TASK DIRECTIONS
Give the listing again in full and exactly, apart from its pictures.

DATA
::::
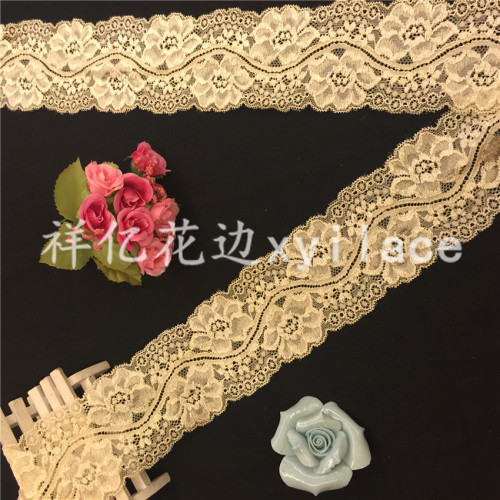 Elastic Lace Lace Fabric Lace Clothing Accessories H1979
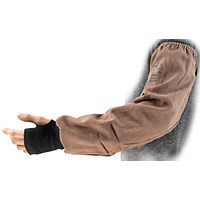 Ansell Safe-Knit 59-416 Welding Sleeve with Thumb Hole, 26", Pack of 12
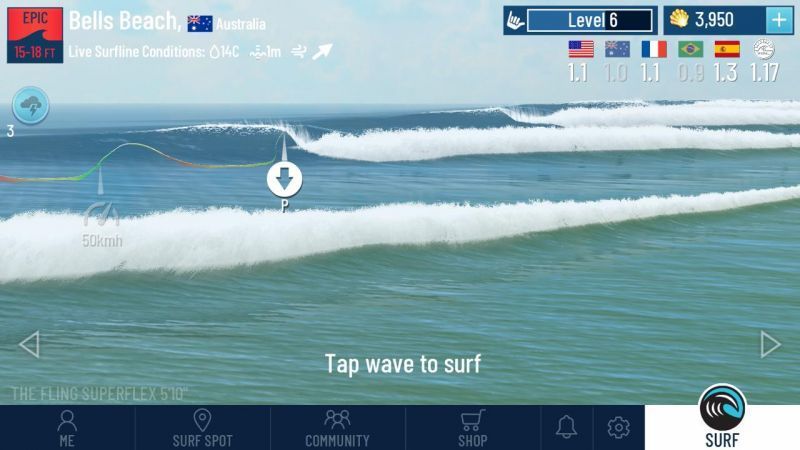 Quer pegar uma onda? Jogo Go Surf acaba de estrear na App Store 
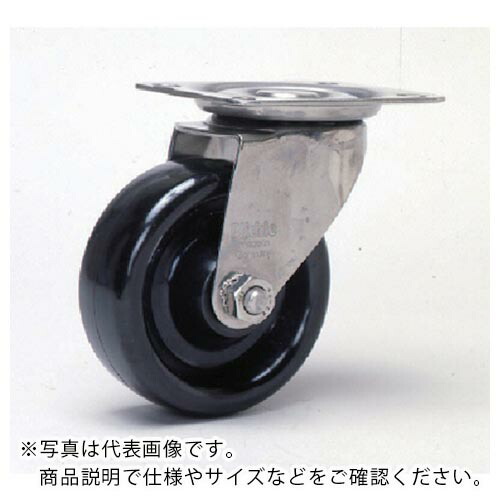 シシク ( シシクSISIKUアドクライス ) Blickle 耐熱樹脂車輪付キャスター 自在 200径 ステンレス ( LIX-PHN200G ) 【メーカー取寄】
::::
EXPECTED OUTPUT
 Elastic Lace Lace Fabric Lace Clothing Accessories H1979
 Ansell Safe-Knit 59-416 Welding Sleeve with Thumb Hole, 26", Pack of 12
 Quer pegar uma onda? Jogo Go Surf acaba de estrear na App Store 
 シシク ( シシクSISIKUアドクライス ) Blickle 耐熱樹脂車輪付キャスター 自在 200径 ステンレス ( LIX-PHN200G ) 【メーカー取寄】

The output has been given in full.